Food and Focus
Find Your Market Niche and Stay FocusedJim A. says one of the key things he’s done that has contributed to his success is finding a market niche that no other baker occupies. “We’ve positioned ourselves as having a unique product. We don’t have a lot of competitors, and that has allowed us to maintain fairly high wholesale prices.”
Though Rebecca S.’s company provides a wide range of food service-related products and services, they are all focused on pasta. “We have been asked to do a lot of things that are very far off our path,” Rebecca says. “We think the way to survive is to become an expert in something. We’ve seen places that go too far out on a limb from their core business and get lost, and then they can’t be distinguished from others in the marketplace.”
– Jacquelyn Lynn in Start Your Own Restaurant (and Five Other Food Businesses) (Entrepreneur Magazine’s Start Ups).

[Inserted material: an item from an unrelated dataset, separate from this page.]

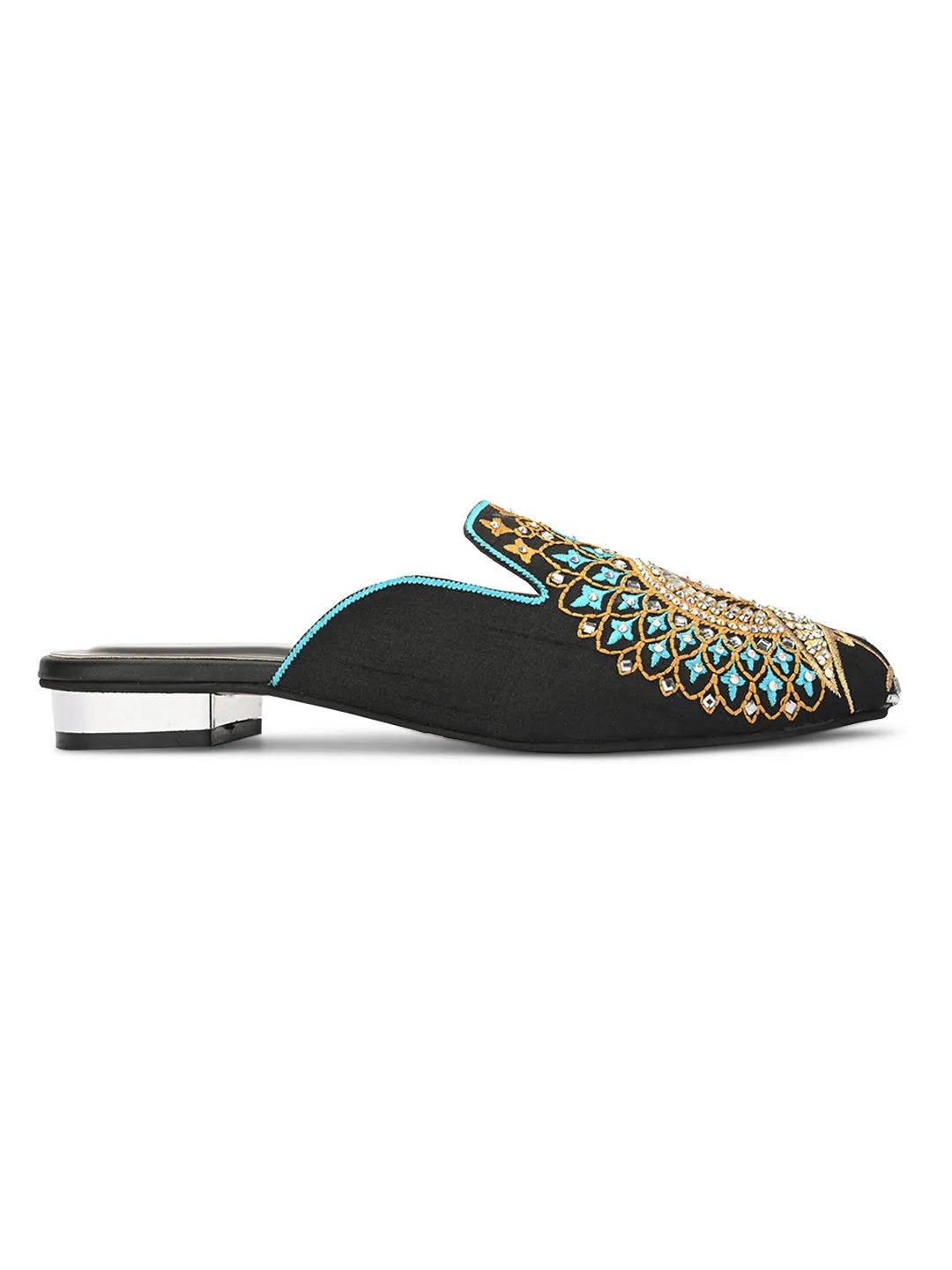 Pelle Albero Black Mule Sandal For Women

As these two food folks point out, focus is about marketing and focus is about management. The marketplace understands a focused business. When customers understand who you are, they know when to use you. If you’re too many things, the customers won’t understand any of them.
And management is stronger in a focused business. When your business is tightly defined, you can get very very good at what you do. When your business is a mile wide, you’ll never get more than an inch-deep of smart about any of it. And an inch-deep of smart usually doesn’t generate much profit.